And...It's Gone: Philly Ends Mask Mandate After Just Ten Days
The (Political) "Science" Just Won't Stop Changing
In an abrupt reversal, the Philadelphia Board of Health voted to rescind the indoor mask mandate a mere 10 days after voting to reimpose it on the city.
"Due to decreasing hospitalizations and a leveling of case counts, the city will move to strongly recommend masks in indoor public spaces as opposed to a mask mandate," a department spokesperson said in a statement late on Thursday. "Given the latest data, the BOH voted to rescind the mandate.”
This is a remarkable instance of reality setting in, given that ten days ago the sentiment on the Board was that a new infection wave was beginning.

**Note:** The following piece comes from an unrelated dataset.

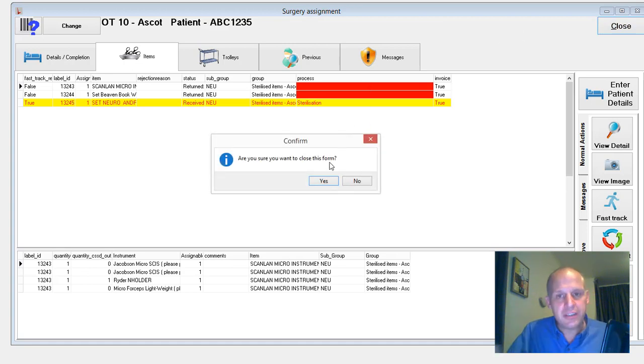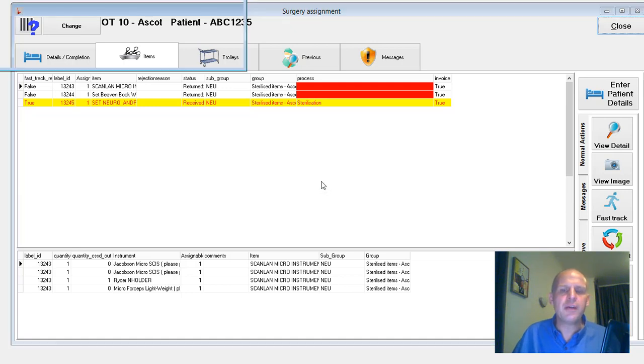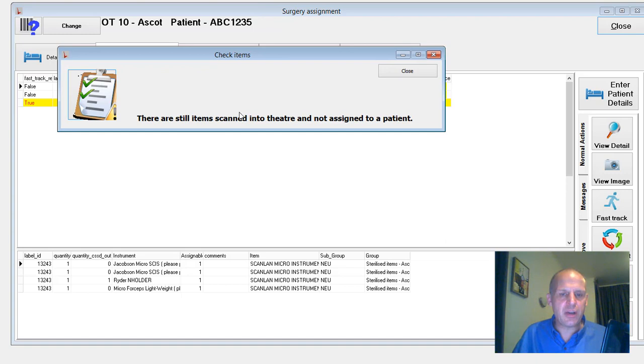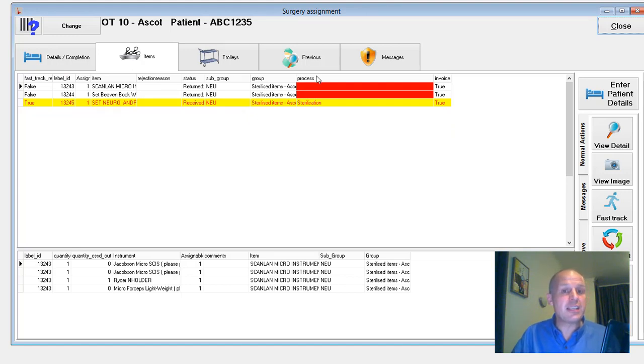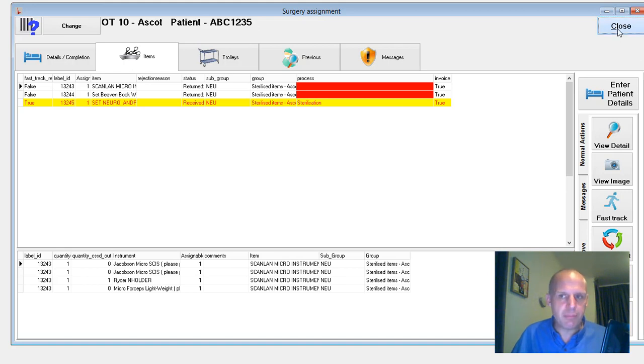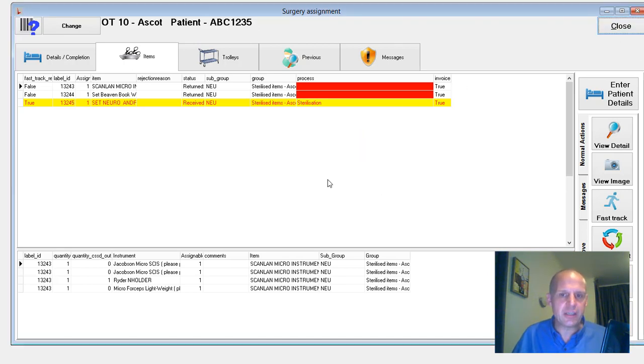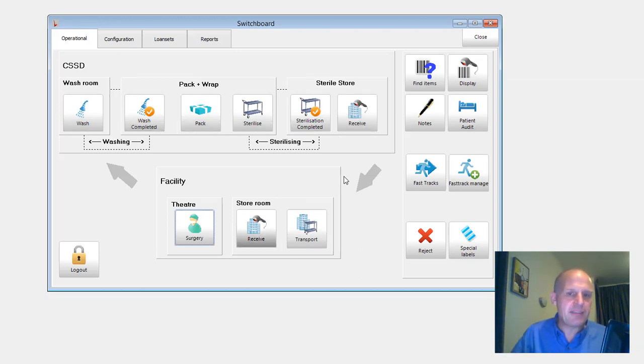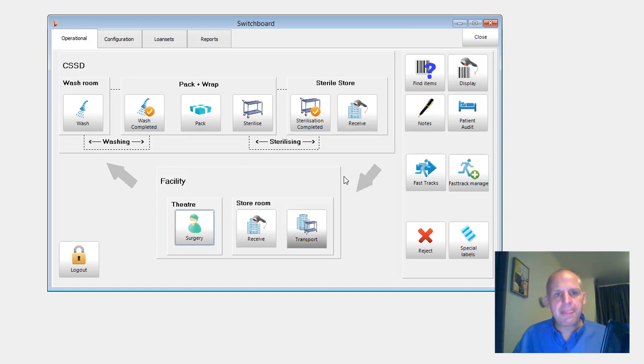So I'm going to close that and move. Oh, no. So this is one change that has happened. Are you sure you want to close this form? Now it's going to give me a NAG screen. There's still items scanned into theater and not assigned to a patient. So I'm giving you a warning. If I was to try and quit Ultrace, I'd get that warning. And then what I have to do is then repeat the process again and say, yes, I actually do want to close this form. And so that's how we're trying to stop items being left scanned to a procedure, but not actually assigned to a patient. So minor change, but makes life easier.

New infections in Philadelphia are rising quickly, up 50% from the start of April, prompting the city to step up prevention measures, city Health Commissioner Cheryl Bettigole said at a news briefing. COVID hospitalizations, a lagging metric, remain stable, she said.
"This looks like we may be at the start of a new COVID wave, like Europe just saw," Bettigole said.
In just ten days, the “science" on universal masking did a 180, as the feared wave never showed up.
Much Ado About Nothing?
The magnitude of Philadelphia's nascent infection “wave" is—and has been—debatable. According to the city’s own data, infections are up somewhat among those age 20-34 (orange line).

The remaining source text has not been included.